Education needs to have a globalised emphasis. Source: Shutterstock.com

Today’s world could not exist without international cooperation and globalised relations. Everything from the history you study in class to the pen with which you write your notes relies on international interdependence, so why doesn’t education prepare us to be global citizens?

School is a great training ground for remembering facts and quickly and accurately recalling them in exams. The whole education system is geared toward scoring a top grade in your final one-hour exam before you are let loose in the real world.

But once in the real world, we quickly realise we have no idea how to apply for international visas, how to navigate foreign economic structures or how to integrate into a contrasting culture.

Like a newly-hatched turtle blindly making its way across the sand in pursuit of the ocean, graduates are left to struggle through an unfamiliar economic landscape until the globalised current inevitably sweeps them up.

So why does education not prepare students for the connected and globalised world that the system itself depends on?

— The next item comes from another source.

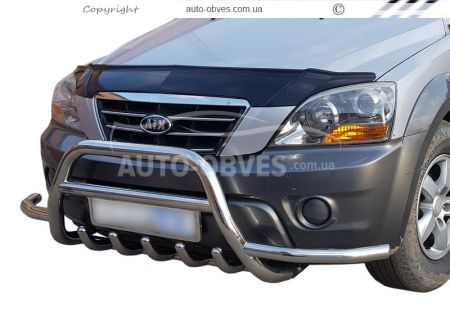 Front bumper protection Kia Sorento 03-09 - type: with additional tubes фото 0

Well, if you look at the exam boards, the curriculum writers and the textbook providers, you will notice one thing: they are all owned by the same elite group of companies.

They are businesses who are selling their product to schools, yet not amending their curriculum to match the ever-changing world.

“There is a closed circuit in education, where textbook producers are the examination companies. They are strangling the education system with an instructionalist focused outlook – strangling the education system. This instructionalist education system has been the same for centuries. Why hasn’t it changed with the times?” Graham Brown-Martin, chief education adviser at pi-top, an education technology company teaching children to code, told Study International.

This archaic curriculum sells students short on their real-world potential and leaves them blind in the globalised world. Learning about navigating international relations in the business marketplace is forgone in favour of memorising political structures upon which countries were historically built.

But we are now on the brink of global collapse, explained Brown-Martin. Climate change is at a critical point, population growth is at tipping point, and these two factors combined means there are exponentially more refugees than ever before – with no signs of slowing.

And yet, students are not being educated that these problems even exist let alone how to respond to them.

The saying goes ‘history always repeats itself’, but maybe it wouldn’t if we had the foresight to study the problems of today before they turn into the mistakes of tomorrow.